You may also opt for mutual funds or shares; however, these are risky. A safer option that provides decent returns includes fixed deposits (FDs).
Here are six reasons to open FDs.
Compared to shares or mutual fund schemes, FDs are safer. Furthermore, such deposits are rated by credit rating agencies like India Ratings & Research (Ind-Ra), Such ratings ensure your funds are safe and there is no risk of losing your capital.
Compared to a bank savings account, the fixed deposit interest rates are higher. In addition, financial institutions offer a greater rate for senior citizens when they open an FD. Therefore, you will be able to earn more on your capital.
You may invest as low as INR 5,000 while opening an FD. In addition, you may choose a cumulative or non-cumulative option. When you choose cumulative FD, the interest is paid on maturity. On the contrary, non-cumulative FDs provide regular interest payments and are beneficial to earn periodic income.
When you open an FD, you must choose the duration of the deposit. At the end of this period, you will receive your capital along with the interest. Moreover, most financial institutions allow you to withdraw your funds prior to the end of the deposit period. However, according to the Reserve Bank of India (RBI) rules, you are not allowed to withdraw your money within three months of opening the FD. In the case of premature withdrawal, the effective fixed deposit rates may reduce because you do not hold the FD until maturity.
You may avail of a loan facility against your FDs. Financial institutions offer up to 75% of the deposit amount as a loan after three months of opening the FD. The interest rate on such loans is affordable, thereby ensuring you do not face any difficulties in repaying the borrowed amount.
Some FDs provide tax benefits. Usually, when you opt for a tax saving deposit, you will have to hold the FD for at least five years. You are unable to withdraw the money before the end of this period. Furthermore, loans are also not available on tax saving deposits. When you opt for these deposits, the capital invested up to INR 1.5 lakh is exempt from income tax under Section 80C of the Income Tax (IT) Act, 1961.

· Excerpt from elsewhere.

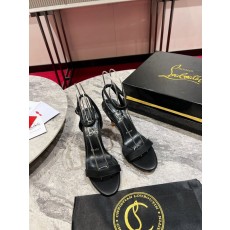 셉터 샌들 블랙 카프스킨 스트랩 하이힐 여성화 001-206662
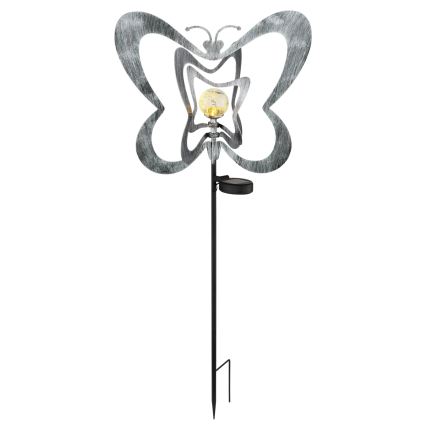 Globo - LED-Solarleuchte LED/3V IP44 300 mAh silberner Schmetterling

Several banks and non-banking financial companies (NBFCs) offer such time deposits. It is advisable you check the interest rates offered by different financial institutions to maximize your returns. FDs have been popular among Indians who want to invest their money in a safe financial instrument. Such deposits are regulated by strict laws and offer assurance to investors like you. Investing in FDs is advisable if you want to increase your income through another source.